This is not the first time I have expressed very deep concern over plans in the UK to monitor Internet and web communications. From the time of my last missive, these plans have evolved into a draft called Protecting the Public in a Changing Communications Environment, that is up for a public consultation in the UK until 20th July. I noted one year ago that,
It’s also unclear as to how invasive this technology will be. Clearly, if it only records emails SENT or RECEIVED, there’s huge gaping security loophole in the form of DRAFT emails. Simply share an account / password combination over coffee and voila, you have a totally secure form of email communications without ever sending an email (simply update each other’s drafts). It’s also unclear whether this database will tap into instant messaging and if so, just how? What about Skype VOIP that’s encrypted? And how about Blackberry’s? Or the walled gardens of social networks and the IM systems they employ?
It’s clear with the new draft that some of my earlier questions and concerns have been addressed. The biggest assurance and change is that there will not be a central database of information pertaining to the Internet and web communications of UK’s citizens and others in the country (for the system to work, it must extend beyond citizens to anyone who access a ‘net connection in the UK, incl. transit passengers in air and ship terminals, students, off-the-shelf SIM cards and mobile accounts, international roaming customers etc).
As noted by the BBC report on this,
Existing legal safeguards under the Regulation of Investigatory Powers Act would continue to apply.

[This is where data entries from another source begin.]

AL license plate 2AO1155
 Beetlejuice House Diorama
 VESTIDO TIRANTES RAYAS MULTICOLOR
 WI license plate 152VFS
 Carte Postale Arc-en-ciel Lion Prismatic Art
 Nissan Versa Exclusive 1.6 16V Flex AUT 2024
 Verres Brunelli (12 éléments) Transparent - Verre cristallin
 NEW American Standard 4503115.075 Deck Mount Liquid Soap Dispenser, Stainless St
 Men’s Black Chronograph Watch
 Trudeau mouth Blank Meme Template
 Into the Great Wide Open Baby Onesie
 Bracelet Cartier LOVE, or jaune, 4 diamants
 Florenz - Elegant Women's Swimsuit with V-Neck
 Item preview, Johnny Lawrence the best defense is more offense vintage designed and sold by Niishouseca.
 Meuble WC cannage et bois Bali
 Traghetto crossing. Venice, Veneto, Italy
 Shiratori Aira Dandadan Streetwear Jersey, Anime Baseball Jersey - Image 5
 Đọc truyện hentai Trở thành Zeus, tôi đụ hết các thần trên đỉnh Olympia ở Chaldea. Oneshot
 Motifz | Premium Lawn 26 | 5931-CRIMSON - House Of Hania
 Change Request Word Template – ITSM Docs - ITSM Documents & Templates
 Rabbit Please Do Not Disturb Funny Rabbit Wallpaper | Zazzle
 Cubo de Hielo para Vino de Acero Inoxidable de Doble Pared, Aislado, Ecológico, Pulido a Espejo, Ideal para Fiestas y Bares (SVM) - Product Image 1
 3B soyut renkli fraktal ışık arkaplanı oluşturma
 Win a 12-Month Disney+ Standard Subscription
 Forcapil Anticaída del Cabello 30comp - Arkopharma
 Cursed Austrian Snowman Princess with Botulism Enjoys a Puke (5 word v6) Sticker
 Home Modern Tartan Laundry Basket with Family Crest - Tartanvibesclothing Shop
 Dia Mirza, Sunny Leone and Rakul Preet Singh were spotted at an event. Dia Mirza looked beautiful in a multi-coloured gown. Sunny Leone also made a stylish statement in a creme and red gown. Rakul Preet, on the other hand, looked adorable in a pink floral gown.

Requests to see the data would require top level authorisation within a public body such as a police force. The Home Office is running a separate consultation on limiting the number of public authorities that can access sensitive information or carry out covert surveillance.
There are serious concerns though. As the same BBC report notes,
Guy Herbert of campaign group NO2ID said: “Just a week after the home secretary announced a public consultation on some trivial trimming of local authority surveillance, we have this: a proposal for powers more intrusive than any police state in history.
My worry is not so much the Orwellian society this can create in the UK and its consequential implications for and arguably serious erosion of data privacy norms, data retention policies, access to this information and the nature of public participation in democracy through the Internet and web et al, but how repressive governments will now use this proposed legislation as an imprimatur of legitimacy for their own survellience mechanisms to clamp down on dissent. While the case for monitoring Internet and web communications to prevent terrorist attacks is, prima facie, indubitably good, the devil is in the details especially for countries like Sri Lanka where the imcumbent Government has brutally and with impunity clamped down of dissent and free expression.
As I have noted in the past, ostensibly benevolent surveillence such as pornography filters can be the harbinger of more aggressive mechanisms to monitor and shut down dissent.
This is why the the UK’s proposed actions are of interest to a wider global community, and why legislation in this regard could be a model for other countries to follow suit, for their own parochial ends.